Directions:
Look below for the line containing "Levi's 501XX Original" and the line containing "140pcs Stainless Steel"; repeat exactly those two lines and all lines between them, and nothing else.

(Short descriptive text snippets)
========================

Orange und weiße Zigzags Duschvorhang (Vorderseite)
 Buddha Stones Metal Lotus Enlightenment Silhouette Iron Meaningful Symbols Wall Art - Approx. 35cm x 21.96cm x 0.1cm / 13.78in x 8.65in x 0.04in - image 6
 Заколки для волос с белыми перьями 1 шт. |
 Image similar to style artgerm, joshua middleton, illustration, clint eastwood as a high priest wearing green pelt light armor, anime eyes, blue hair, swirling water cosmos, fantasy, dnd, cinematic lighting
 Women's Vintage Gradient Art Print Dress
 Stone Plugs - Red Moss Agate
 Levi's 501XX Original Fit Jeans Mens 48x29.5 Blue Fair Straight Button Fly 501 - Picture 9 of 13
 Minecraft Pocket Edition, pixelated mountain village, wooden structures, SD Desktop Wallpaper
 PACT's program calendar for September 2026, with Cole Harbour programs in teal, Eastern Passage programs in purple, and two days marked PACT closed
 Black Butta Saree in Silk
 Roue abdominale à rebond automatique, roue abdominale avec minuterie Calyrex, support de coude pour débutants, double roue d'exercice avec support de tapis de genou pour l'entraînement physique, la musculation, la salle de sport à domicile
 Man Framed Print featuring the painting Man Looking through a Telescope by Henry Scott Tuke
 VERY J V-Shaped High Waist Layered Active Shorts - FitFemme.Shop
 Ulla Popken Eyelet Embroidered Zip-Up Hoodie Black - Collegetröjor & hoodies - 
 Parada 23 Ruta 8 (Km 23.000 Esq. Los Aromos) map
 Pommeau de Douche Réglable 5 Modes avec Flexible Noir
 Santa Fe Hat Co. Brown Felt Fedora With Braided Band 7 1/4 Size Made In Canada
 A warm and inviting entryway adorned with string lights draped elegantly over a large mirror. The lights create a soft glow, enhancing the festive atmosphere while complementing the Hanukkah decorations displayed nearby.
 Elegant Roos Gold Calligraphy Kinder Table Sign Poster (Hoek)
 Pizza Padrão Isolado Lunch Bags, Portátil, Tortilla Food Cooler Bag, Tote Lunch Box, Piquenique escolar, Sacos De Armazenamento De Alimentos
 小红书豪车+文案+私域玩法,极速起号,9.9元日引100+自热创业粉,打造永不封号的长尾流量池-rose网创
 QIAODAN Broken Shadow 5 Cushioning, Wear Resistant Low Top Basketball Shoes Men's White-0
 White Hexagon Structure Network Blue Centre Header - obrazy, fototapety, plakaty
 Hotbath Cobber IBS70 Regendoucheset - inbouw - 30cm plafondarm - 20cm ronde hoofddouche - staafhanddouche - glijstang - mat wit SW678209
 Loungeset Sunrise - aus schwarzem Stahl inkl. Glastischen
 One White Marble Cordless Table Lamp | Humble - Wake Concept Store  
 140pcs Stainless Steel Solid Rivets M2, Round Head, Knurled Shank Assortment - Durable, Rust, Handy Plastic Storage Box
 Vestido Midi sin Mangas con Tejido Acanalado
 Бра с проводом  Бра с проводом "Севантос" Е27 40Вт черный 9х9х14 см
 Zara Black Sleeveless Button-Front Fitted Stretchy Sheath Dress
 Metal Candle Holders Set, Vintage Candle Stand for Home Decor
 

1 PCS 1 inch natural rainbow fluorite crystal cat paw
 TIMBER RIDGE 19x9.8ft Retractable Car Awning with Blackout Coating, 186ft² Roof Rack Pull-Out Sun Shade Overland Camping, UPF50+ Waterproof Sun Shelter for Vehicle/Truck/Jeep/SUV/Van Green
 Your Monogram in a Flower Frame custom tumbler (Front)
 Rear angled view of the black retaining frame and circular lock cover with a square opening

========================

Result:
 Levi's 501XX Original Fit Jeans Mens 48x29.5 Blue Fair Straight Button Fly 501 - Picture 9 of 13
 Minecraft Pocket Edition, pixelated mountain village, wooden structures, SD Desktop Wallpaper
 PACT's program calendar for September 2026, with Cole Harbour programs in teal, Eastern Passage programs in purple, and two days marked PACT closed
 Black Butta Saree in Silk
 Roue abdominale à rebond automatique, roue abdominale avec minuterie Calyrex, support de coude pour débutants, double roue d'exercice avec support de tapis de genou pour l'entraînement physique, la musculation, la salle de sport à domicile
 Man Framed Print featuring the painting Man Looking through a Telescope by Henry Scott Tuke
 VERY J V-Shaped High Waist Layered Active Shorts - FitFemme.Shop
 Ulla Popken Eyelet Embroidered Zip-Up Hoodie Black - Collegetröjor & hoodies - 
 Parada 23 Ruta 8 (Km 23.000 Esq. Los Aromos) map
 Pommeau de Douche Réglable 5 Modes avec Flexible Noir
 Santa Fe Hat Co. Brown Felt Fedora With Braided Band 7 1/4 Size Made In Canada
 A warm and inviting entryway adorned with string lights draped elegantly over a large mirror. The lights create a soft glow, enhancing the festive atmosphere while complementing the Hanukkah decorations displayed nearby.
 Elegant Roos Gold Calligraphy Kinder Table Sign Poster (Hoek)
 Pizza Padrão Isolado Lunch Bags, Portátil, Tortilla Food Cooler Bag, Tote Lunch Box, Piquenique escolar, Sacos De Armazenamento De Alimentos
 小红书豪车+文案+私域玩法,极速起号,9.9元日引100+自热创业粉,打造永不封号的长尾流量池-rose网创
 QIAODAN Broken Shadow 5 Cushioning, Wear Resistant Low Top Basketball Shoes Men's White-0
 White Hexagon Structure Network Blue Centre Header - obrazy, fototapety, plakaty
 Hotbath Cobber IBS70 Regendoucheset - inbouw - 30cm plafondarm - 20cm ronde hoofddouche - staafhanddouche - glijstang - mat wit SW678209
 Loungeset Sunrise - aus schwarzem Stahl inkl. Glastischen
 One White Marble Cordless Table Lamp | Humble - Wake Concept Store  
 140pcs Stainless Steel Solid Rivets M2, Round Head, Knurled Shank Assortment - Durable, Rust, Handy Plastic Storage Box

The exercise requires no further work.